Data for this exercise below:

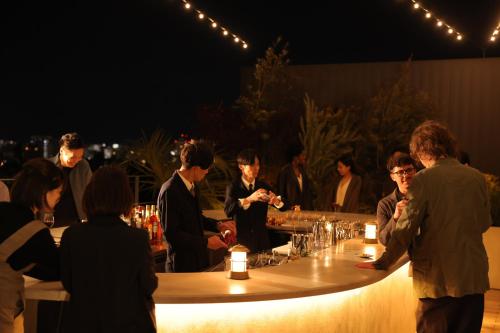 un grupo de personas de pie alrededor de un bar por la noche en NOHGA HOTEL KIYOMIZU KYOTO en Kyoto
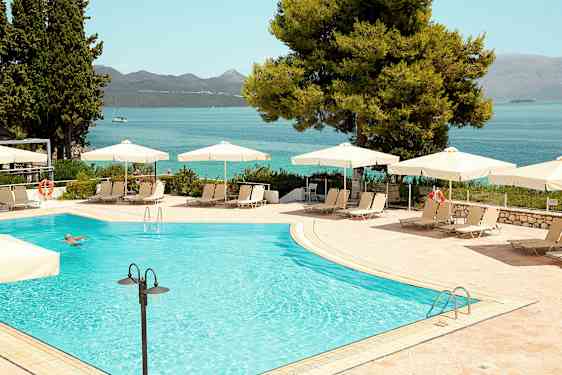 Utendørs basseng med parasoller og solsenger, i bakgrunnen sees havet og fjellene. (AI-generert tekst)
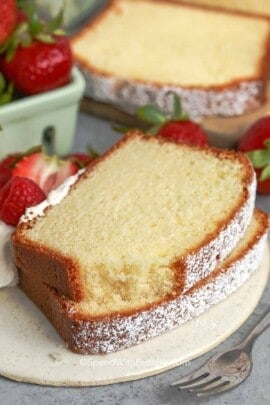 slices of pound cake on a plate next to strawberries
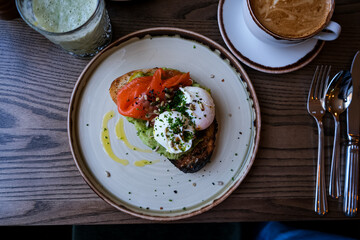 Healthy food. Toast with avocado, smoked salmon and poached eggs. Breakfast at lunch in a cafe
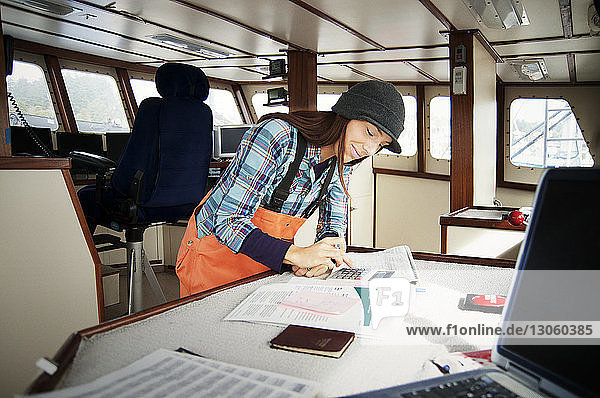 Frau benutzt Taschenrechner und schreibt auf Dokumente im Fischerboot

End of Data for this exercise.
Data for this exercise below:

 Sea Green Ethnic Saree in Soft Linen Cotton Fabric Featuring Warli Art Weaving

End of Data for this exercise.

* What to work on: Taking the records above, print only and exactly the lines from the line with "un grupo de" to the line with "Frau benutzt Taschenrechner", both kept, and exclude pictures.

* Answer to this problem:
 un grupo de personas de pie alrededor de un bar por la noche en NOHGA HOTEL KIYOMIZU KYOTO en Kyoto
 Utendørs basseng med parasoller og solsenger, i bakgrunnen sees havet og fjellene. (AI-generert tekst)
 slices of pound cake on a plate next to strawberries
 Healthy food. Toast with avocado, smoked salmon and poached eggs. Breakfast at lunch in a cafe
 Frau benutzt Taschenrechner und schreibt auf Dokumente im Fischerboot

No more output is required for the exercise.